The first argument to the script is the path to the backup CSV. The second is the Signal thread ID for which you want to get the statistics. For instance, the conversation with my girlfriend is assigned ID 1. I suggest you look into the CSV to find out the ID of the thread that you’re interested in.

From the desktop app

The Signal desktop application is built on Electron and it stores the messages in an SQLite database.

1. Get the SQLite database

Depending on whether you’re on Linux, Mac, or Windows, the SQLite database is located in a different folder:

  • Linux: ~/.config/Signal/sql/db.sqlite
  • Mac: ~/Library/Application Support/Signal/sql/db.sqlite
  • Windows: C:\Users\<YourName>\AppData\Roaming\Signal\sql\db.sqlite (not tested)

2. Decrypt and convert the SQLite database to CSV

The Signal SQLite database is encrypted using SQLCipher. So we need to decrypt it and convert it to CSV before we can analyze it.

# sqlite-to-csv.sh

# From https://unix.stackexchange.com/a/505009/413853
sigBase="${HOME}/.config/Signal/";
key=$( /usr/bin/jq -r '."key"' ${sigBase}config.json );
db="${HOME}/.config/Signal/sql/db.sqlite";
clearTextMsgs="${sigBase}backup-desktop.csv";

/usr/bin/sqlcipher -list -noheader "$db" "PRAGMA key = \"x'"$key"'\";select json from messages;" > "$clearTextMsgs";

To run this script:

$ bash sqlite-to-csv.sh

You’ll need to install a sufficient recent version of sqlcipher. I first ran it with sqlcipher 3.15.2 but I got an error Error: file is encrypted or is not a database when running the script. It worked when using sqlcipher 3.31.0 that I built from source.

The file backup-desktop.csv now contains a CSV of the messages stored in the Signal desktop application.

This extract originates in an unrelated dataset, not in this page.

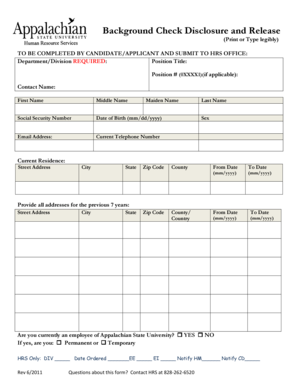 Background Check Disclosure and Release
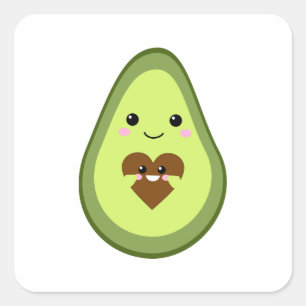 Kawaii Zwangere Avocado Cute Mam Motherhood Baby Vierkante Sticker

3. Extract statistics from the CSV

The format of the CSV from the desktop application is different than the one generated from the Android app. Another Ruby script does the job to extract the statistics:

require 'json'

# Link to the backup CSV.
filepath = ARGV[0]
# Number of the person you want to analyze your conversations of.
number = ARGV[1]

messages = []
File.foreach(filepath) do |line|
  begin
    json = JSON.parse(line)

    if json["delivered_to"] == [number] || json["source"] == number
      messages << {
        date_sent: Time.at(json['sent_at'].to_i / 1000)
      }
    end
  rescue
  end
end

messages
  .group_by { |message| message[:date_sent].year }
  .each { |year, msgs| puts "#{year}: #{msgs.count} messages" }

puts "Total number of messages: #{messages.count}"
puts "Earliest date: #{messages[0][:date_sent].strftime('%B %e, %Y')}"

To run it:

$ ruby analyze-signal-desktop.rb signal-desktop.csv <phone-number>
2018: 8318 messages
2019: 22258 messages
2020: 13381 messages
Total number of messages: 43957
Earliest date: July 28, 2018

The first argument is the decrypted SQLite database in CSV and the second argument is the phone number of the person with whom you want to analyze your conversations with.

From iOS

I haven’t looked into this because I don’t use an iPhone.

Source code

The source code snippets in this article are also on GitHub.